Песню “The lost children” многие поклонники Майкла считают довольно незамысловатой, не замечая, что в ее простоте кроется многообразие и сложность аранжировки, текстовых смыслов и ассоциаций. Простота этой песни — это «пушкинская» гармония, за которой стоит внутреннее богатство и целые миры творческой фантазии Майкла-композитора и поэта. Елена Гарник и Наталья Рогова пишут о своем восприятии музыки и слова в “The lost children”.
Наталья Рогова (оригинальный пост — первая часть и вторая часть):
Два мира

Это чудо, не могу назвать его «песней», рисует нам два мира.
Один — тот, который слышен явно — расположился на переднем плане. Второй — тот, что пробивается сквозь него невнятными, но настойчивыми шумами.
Первый мир красив, как сама песня, просто невыносимо красив. В нем звучат лес, солнце, зеленая лужайка, полеты в ветвях деревьев.

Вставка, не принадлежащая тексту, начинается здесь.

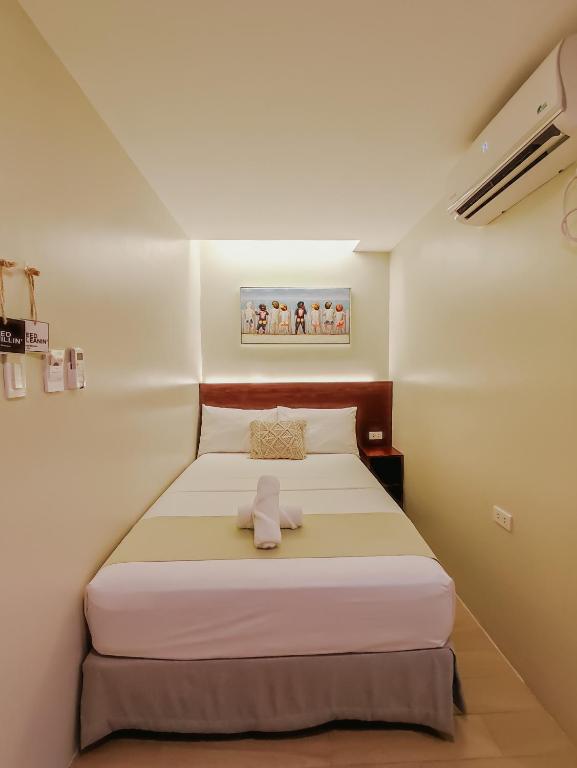 Postel nebo postele na pokoji v ubytování Hotel Simone Kalibo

Но когда долетают отзвуки того, другого мира, словно из-за стены, приглушенные чем-то и в то же время напористо звонкие, становится ясно, что желанный-то мир там. Это голоса детей, намеренно записанные так, что текст этой речи разобрать сложно, если вообще возможно.
Потери и поиски
И почти сразу после появления этих голосов (в промежутке между припевом и вторым куплетом) вступает перкуссионный инструмент, звук которого может вызывать ассоциации с хлопаньем в ладоши (начало второго куплета). Пока эта музыкальная линия набирает силу, голоса детей становятся громче.